The $700 billion bailout plan came to a vote in the House of Representatives after a week of intense debate. Though both Democratic and Republican leadership called on their colleagues to support the bill, it failed by 23 votes. The debate gave those in opposition a chance to voice their opposition to this historic bill, and called for renewed negotiations on the same day the stock market plunged.


Story Transcript

TEXT ON SCREEN: On Sept. 29th, the House of Representatives gathered to vote on a $700 billion bailout bill. House leaders on both sides strongly urged their colleagues to vote for the legislation.

REP. JOHN BOEHNER (R-OH), MINORITY LEADER: What’s in the best interests of our country. Not what’s in the best interests of our party. Not what’s in the best interests of our own reelection. What’s in the best interests of our country. Vote yes.

REP. STENY HOYER (D-MD), MAJORITY LEADER: Imagine, my colleagues, that we do nothing. Million more homes will likely be foreclosed on. Banks would likely be unable to lend. Credit, the lifeblood of any economy, might dry up across America.

TEXT ON SCREEN: But the voice of opposition was stronger.

REP. SCOTT GARRET (R-NJ): Last night, I came to the floor and I said you should be alarmed about what Washington is doing, because [of] lack of deliberation. Today I come and say, America, you should be outraged about [what] Washington is about to do, because Washington is not listening to you.

REP. CAROLYN KILPATRICK (D-MI): We can do better, the American people deserve more, and I urge a no-vote on this legislation.

REP. JOHN CULBERSON (R-TX): It is an unprecedented and an unaffordable and an unacceptable expansion of federal power that our kids cannot afford, that we have never seen in the history of this country.

REP. PAUL BROUN (R-GA): But this is essentially Mr. Paulson’s bill to help his friends. And I can’t buy it.

REP. LOUIE GOHMERT (R-TX): And nobody seems to ask: who is it that’s going to manage these assets? I’ve been asking, and finally the answer I got was, “Well, of course we’re going to have to outsource that.” You’re going to outsource it to the very people that caused the problem. We’re going to give them billions for assets they’ve mismanaged, and then we’re going to hire them to manage those assets. Please! Please don’t betray this nation’s great history.

REP. LLOYD DOGGETT (D-TX): Action or inaction today is a false choice. It is a matter of having never seriously considered any alternative in these negotiations to handing over $700 billion to the same Bush administration that has done so much to create this crisis, so little to prevent it, and for whom the vultures have now come home to roost.

REP. JEFF FLAKE (R-AZ): Mr. Speaker, those who believe that they can control and direct the market’s invisible hand will eventually be slapped by it.
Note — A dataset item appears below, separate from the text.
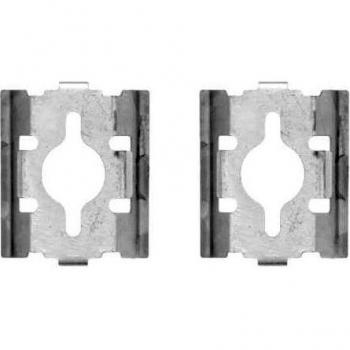 Kit de accesorios para pastillas de freno HELLA 8DZ 355 203-071 para Citroen, Fiat, Iveco y Peugeot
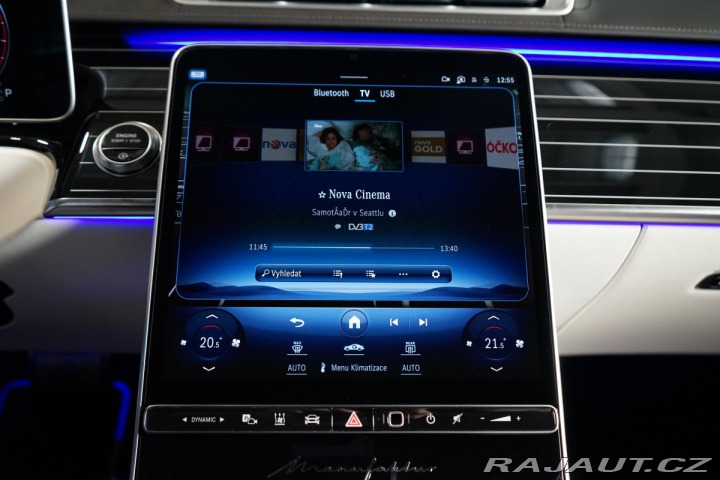 Mercedes-Benz S 680 MAYBACH 4M*V12*MANUFA 2024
REP. PETER DEFAZIO (D-OR): There are less expensive, less risky, targeted regulatory forms and programs that could work better. But, bottom line, President George Bush and his treasury secretary, Henry Paulson, insisted on a top-down Wall Street bailout solution. It’s sort of like the financial surge strategy. And just like the surge in Iraq, as we go into it at the outset, we know it’s not sustainable, and we know it won’t solve the underlying problems.

REP. JEB HENSARLING (R-TX): Does it take America in a direction that you believe America should go? By that test, Madam Speaker, I will vote no on this legislation.

REP. BRAD SHERMAN (D-CA): Some 400 eminent economists, including three Nobel laureates, are asking us to come back and do our job and write a good bill in the next week or so.

REP. JEFF FORTENBERRY (R-NE): The choice between inaction or action today is a false one. In good conscience I cannot support this legislation.

REP. DENNIS KUCINICH (R-OH): What’s good for Wall Street is good for Main Street? Not today.

TEXT ON SCREEN: The bill failed by 23 votes. 133 Republicans and 95 Democrats voted against the bailout package.